We’ve got a few options when it comes to sleeping. We’ll have our tent, but we can also sleep in one of the many shelters along the trail. These are three or four-walled structures along the trail also called huts or lean-tos depending on where you are along the trail. We can also stay at a hostel or hotel in town when we’re in need of a bed and a shower.

What about food?

We’ll be able to re-supply every few days in towns that lie along the trail. The AT runs through some towns and others are only a few miles from the trail. We’ll have a few mail drops along the way where we will have my parents send us boxes of needed supplies and food, but we’ll mostly stick to buying food in towns along the trail.
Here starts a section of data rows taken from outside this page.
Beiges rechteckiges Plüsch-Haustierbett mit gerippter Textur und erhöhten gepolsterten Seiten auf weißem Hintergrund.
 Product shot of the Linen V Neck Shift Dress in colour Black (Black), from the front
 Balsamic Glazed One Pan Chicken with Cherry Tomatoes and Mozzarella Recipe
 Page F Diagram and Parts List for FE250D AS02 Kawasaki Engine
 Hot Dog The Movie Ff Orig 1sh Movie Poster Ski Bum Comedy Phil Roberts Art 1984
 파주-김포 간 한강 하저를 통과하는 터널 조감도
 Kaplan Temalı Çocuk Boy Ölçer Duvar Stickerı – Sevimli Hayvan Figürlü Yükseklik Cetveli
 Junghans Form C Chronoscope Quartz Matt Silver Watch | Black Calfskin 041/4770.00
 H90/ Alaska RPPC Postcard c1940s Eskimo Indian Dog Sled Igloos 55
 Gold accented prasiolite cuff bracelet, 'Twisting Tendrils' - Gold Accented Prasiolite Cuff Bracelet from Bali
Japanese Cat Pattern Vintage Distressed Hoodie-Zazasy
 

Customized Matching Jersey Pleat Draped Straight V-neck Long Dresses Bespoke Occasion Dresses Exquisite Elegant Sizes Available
Why are you guys doing this again?

Good question.

My answer is, why not?

9 thoughts on “FAQ

  1. Pam Smith says:

    Good “walking”, I have done parts in NC and Virginia and will be there again this summer! Looking forward to following your journey.

  2. Madison Porter says:

    Lindsey, I’ve been keeping up with your blog as much as I can and it sounds like you guys are having a wonderful time. I’m writing my research paper about the Appalachian Trail for Cloute’s Nature class and I need an interview. I figured you would be the perfect person. : ) I didn’t know if it would be better for me to ask you the questions on here or if you had another way that would be better for you. If you could let me know, that would be awesome! Thank you!

    • linzgordo says:

      Hi Madison! That is awesome that you’re doing your paper on the AT! I would be more than happy to answer your questions. Feel free to email me our questions if you like. I don’t have Internet much out here, but we will be taking a day off in town on Friday, so I could answer your questions then. I may also be able to do the interview over the phone on Friday if you prefer that, but AT&T service can sometimes be spotty. Whatever works for you! My email is Lindsey.cait.gordon@gmail.com

      I look forward to answering your questions!

      • Madison Porter says:

        Hey Lindsey,
        I e-mailed you yesterday my questions and I’m just wondering if you got it. I know you don’t have internet all the time.

        Thanks! Madison

      • linzgordo says:

        Hi Madison,

        I sent my answers to you late last night. Did they not send? I will try again if not.



  3. ken schultz says:

    HI, know its been a while since your trip but I am hoping you can help. You have a post about staying at the falls creek campsite, just north of Penmar park. I am planning a hike with some boy scouts and cant seem to find confirmation that there is camping near falls creek. Any info you can provide would be a huge help. Thanks so much

    • linzgordo says:

      Hi Ken, there is indeed a camp site right at Falls Creek. It’s a decent-sized campground, so you shouldn’t have a problem camping there with the scouts. How many of you will be camping there?

      • ken schultz says:

        Thank you so much for the info will prob be about 10 of us with 5 tents, we have been hiking north in sections starting at harpers ferry and dont want to skip any parts. Thanks this really saves us.

      • linzgordo says:

        No problem! It’s a nice campsite right next to the creek and quite close to PenMar. When I can access my guidebook, I’ll check to see if there are any other details I can give you. From what I remember, there should be enough space there for 5 tents.